We developed and evaluated several machine learning models to **predict house prices** and **classify energy efficiency**.

### 4.1 **Predictive Models for House Prices**

#### 4.1.1 **Simple Linear Regression**
- **Model Summary**: A baseline model to assess the linear relationship between property features and house prices.
- **Performance**:
  - **MSE**: `113,489,800,730.7467`
  - **R²**: `0.3789`
  - **MAPE**: `25.57%`
- **Insights**: Simple Linear Regression showed limited ability to accurately predict house prices, with high error rates and low correlation to actual prices.

#### 4.1.2 **K-Nearest Neighbors (KNN) Regressor**
- **Model Summary**: A highly effective model that uses the property’s nearest neighbors to make accurate predictions.
- **Performance**:
  - **MSE**: `1,480,483,973.4149`
  - **R²**: `0.9919`
  - **MAPE**: `0.7795%`
- **Insights**: The KNN Regressor delivered excellent predictive accuracy, with minimal error rates and near-perfect correlation to actual prices. This model is highly recommended for future price forecasting.

### 4.2 **Classification Models for Energy Efficiency**

#### 4.2.1 **K-Nearest Neighbors (KNN) Classifier**
- **Model Summary**: The KNN Classifier categorizes properties into **Low**, **Medium**, and **High** energy efficiency levels.
- **Performance**:
  - **Accuracy**: `98.30%`
  - **Precision, Recall, F1-Score**: All metrics achieved **0.9830**, showing balanced and consistent performance.
- **Insights**: The KNN Classifier is an outstanding model for classifying energy efficiency, ensuring reliable predictions across all categories.

#### 4.2.2 **Gaussian Naive Bayes Classifier**
- **Model Summary**: An alternative classification model with a focus on probability-based predictions.
- **Performance**:
  - **Accuracy**: `79.99%`
  - **F1-Scores**:
    - **High Efficiency**: `0.8511`
    - **Medium Efficiency**: `0.7709`
    - **Low Efficiency**: `0.7871`
- **Insights**: While effective for extreme values (high or low efficiency), the Gaussian Naive Bayes classifier struggled with **medium efficiency classifications**. It can be used as a supplementary model in niche cases.

---

## 5. 🎯 **Insights and Recommendations for EcoCity Planners**

### 5.1 **Price Determinants**
- **Lot Size**, **Square Footage**, and **Energy Efficiency** are key price drivers. Properties with larger areas and higher efficiency levels tend to command higher market prices.
- **Energy Efficiency**: While not the strongest predictor of price, improving energy efficiency can add value, making it an area of opportunity for **EcoCity Planners** to promote sustainable housing.

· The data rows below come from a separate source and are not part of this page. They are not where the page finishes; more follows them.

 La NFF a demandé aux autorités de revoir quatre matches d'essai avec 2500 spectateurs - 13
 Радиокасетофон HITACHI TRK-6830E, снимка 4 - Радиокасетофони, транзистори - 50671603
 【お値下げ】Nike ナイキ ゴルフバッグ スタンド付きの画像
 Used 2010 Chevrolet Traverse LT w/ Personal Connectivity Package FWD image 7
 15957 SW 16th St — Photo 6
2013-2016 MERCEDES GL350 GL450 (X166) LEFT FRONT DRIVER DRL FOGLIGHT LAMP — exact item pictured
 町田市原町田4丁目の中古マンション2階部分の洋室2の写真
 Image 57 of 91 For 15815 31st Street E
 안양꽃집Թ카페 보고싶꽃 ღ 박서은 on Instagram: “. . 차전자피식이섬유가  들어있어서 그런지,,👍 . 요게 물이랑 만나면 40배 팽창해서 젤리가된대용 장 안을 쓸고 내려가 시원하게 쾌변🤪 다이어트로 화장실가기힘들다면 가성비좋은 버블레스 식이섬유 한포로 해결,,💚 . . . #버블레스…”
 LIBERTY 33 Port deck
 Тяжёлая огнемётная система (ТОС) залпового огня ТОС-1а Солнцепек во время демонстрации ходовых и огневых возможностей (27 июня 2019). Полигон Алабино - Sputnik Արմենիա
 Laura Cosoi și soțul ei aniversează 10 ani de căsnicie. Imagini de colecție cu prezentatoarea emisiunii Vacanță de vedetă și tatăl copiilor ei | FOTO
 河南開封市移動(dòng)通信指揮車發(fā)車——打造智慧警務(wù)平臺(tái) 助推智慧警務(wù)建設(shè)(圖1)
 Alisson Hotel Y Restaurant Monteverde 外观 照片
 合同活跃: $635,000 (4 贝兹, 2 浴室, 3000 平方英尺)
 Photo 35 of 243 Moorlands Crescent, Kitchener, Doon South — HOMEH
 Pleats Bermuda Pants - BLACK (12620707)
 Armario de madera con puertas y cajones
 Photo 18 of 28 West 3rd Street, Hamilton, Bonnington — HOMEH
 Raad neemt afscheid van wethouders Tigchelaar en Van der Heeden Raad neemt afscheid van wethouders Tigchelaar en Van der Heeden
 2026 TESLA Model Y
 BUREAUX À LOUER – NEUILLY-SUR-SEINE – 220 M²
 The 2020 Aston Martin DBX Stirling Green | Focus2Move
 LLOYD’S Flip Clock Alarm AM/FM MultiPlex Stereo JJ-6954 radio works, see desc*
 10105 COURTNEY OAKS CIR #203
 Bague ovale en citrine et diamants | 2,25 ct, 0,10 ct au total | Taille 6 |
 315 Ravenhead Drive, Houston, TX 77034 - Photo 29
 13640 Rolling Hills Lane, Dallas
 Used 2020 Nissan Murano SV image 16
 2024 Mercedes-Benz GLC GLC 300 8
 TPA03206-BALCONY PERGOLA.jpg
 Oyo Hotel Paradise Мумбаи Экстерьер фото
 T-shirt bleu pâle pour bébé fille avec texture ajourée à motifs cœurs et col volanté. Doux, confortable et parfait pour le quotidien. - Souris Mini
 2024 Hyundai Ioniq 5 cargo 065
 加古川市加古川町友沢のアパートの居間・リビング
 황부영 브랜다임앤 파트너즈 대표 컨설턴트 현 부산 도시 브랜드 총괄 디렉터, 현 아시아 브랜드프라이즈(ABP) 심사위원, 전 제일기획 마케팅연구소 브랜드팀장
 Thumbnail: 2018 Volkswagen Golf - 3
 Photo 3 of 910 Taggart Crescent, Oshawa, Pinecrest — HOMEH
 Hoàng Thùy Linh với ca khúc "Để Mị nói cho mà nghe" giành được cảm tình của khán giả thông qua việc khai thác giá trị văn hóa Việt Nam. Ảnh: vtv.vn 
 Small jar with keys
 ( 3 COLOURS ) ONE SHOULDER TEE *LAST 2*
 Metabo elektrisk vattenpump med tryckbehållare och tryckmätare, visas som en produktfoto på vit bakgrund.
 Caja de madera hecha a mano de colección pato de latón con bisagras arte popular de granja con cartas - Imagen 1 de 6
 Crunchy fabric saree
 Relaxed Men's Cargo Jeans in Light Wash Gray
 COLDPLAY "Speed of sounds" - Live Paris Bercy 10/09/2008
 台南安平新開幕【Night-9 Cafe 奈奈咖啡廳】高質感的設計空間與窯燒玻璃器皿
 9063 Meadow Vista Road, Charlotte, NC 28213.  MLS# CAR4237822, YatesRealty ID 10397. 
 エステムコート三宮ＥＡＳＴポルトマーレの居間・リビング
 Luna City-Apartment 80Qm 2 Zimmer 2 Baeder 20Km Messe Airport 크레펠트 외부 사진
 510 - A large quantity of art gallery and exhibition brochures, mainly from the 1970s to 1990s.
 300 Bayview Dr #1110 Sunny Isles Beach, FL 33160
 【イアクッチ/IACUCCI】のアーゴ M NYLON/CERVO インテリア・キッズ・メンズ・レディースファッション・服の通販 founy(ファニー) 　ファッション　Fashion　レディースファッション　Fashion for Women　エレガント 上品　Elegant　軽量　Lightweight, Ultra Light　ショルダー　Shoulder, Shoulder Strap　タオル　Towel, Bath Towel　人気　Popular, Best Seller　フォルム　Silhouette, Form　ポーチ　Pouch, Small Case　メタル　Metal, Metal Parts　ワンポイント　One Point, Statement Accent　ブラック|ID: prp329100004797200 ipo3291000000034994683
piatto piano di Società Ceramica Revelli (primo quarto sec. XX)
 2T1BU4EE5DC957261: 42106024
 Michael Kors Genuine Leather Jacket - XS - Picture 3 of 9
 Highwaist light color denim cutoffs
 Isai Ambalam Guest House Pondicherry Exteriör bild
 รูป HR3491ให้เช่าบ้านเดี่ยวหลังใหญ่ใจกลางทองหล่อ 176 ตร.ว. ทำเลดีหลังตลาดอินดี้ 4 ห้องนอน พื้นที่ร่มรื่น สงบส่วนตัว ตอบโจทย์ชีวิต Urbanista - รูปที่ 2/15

### 5.2 **Energy Efficiency Classification**
- The **KNN Classifier** offers a powerful tool for assessing the energy efficiency of properties, allowing planners to identify **eco-friendly neighborhoods**.
- **Gaussian Naive Bayes** can be used in conjunction with the KNN Classifier when additional distinctions are needed between high and low efficiency properties.

---

## 6. 🏆 **Final Thoughts and Future Directions**

The **Eco Planners Predictor** successfully combines data-driven predictions with sustainability insights to empower **EcoCity Planners** in their urban development projects. The **KNN Regressor** and **KNN Classifier** models outperform others and are recommended for use in **pricing predictions** and **energy efficiency classifications**. These models will help planners build a future where housing is both **affordable** and **eco-friendly**, driving **sustainable urban growth**.

As cities continue to grow, integrating these models will ensure that **sustainable housing** initiatives not only reduce environmental impact but also enhance the overall value of urban properties.

**Next Steps**:
- Further refine energy efficiency metrics and explore **additional features** to enhance prediction accuracy.
- Continue integrating sustainability efforts into urban planning to align with long-term **environmental goals**.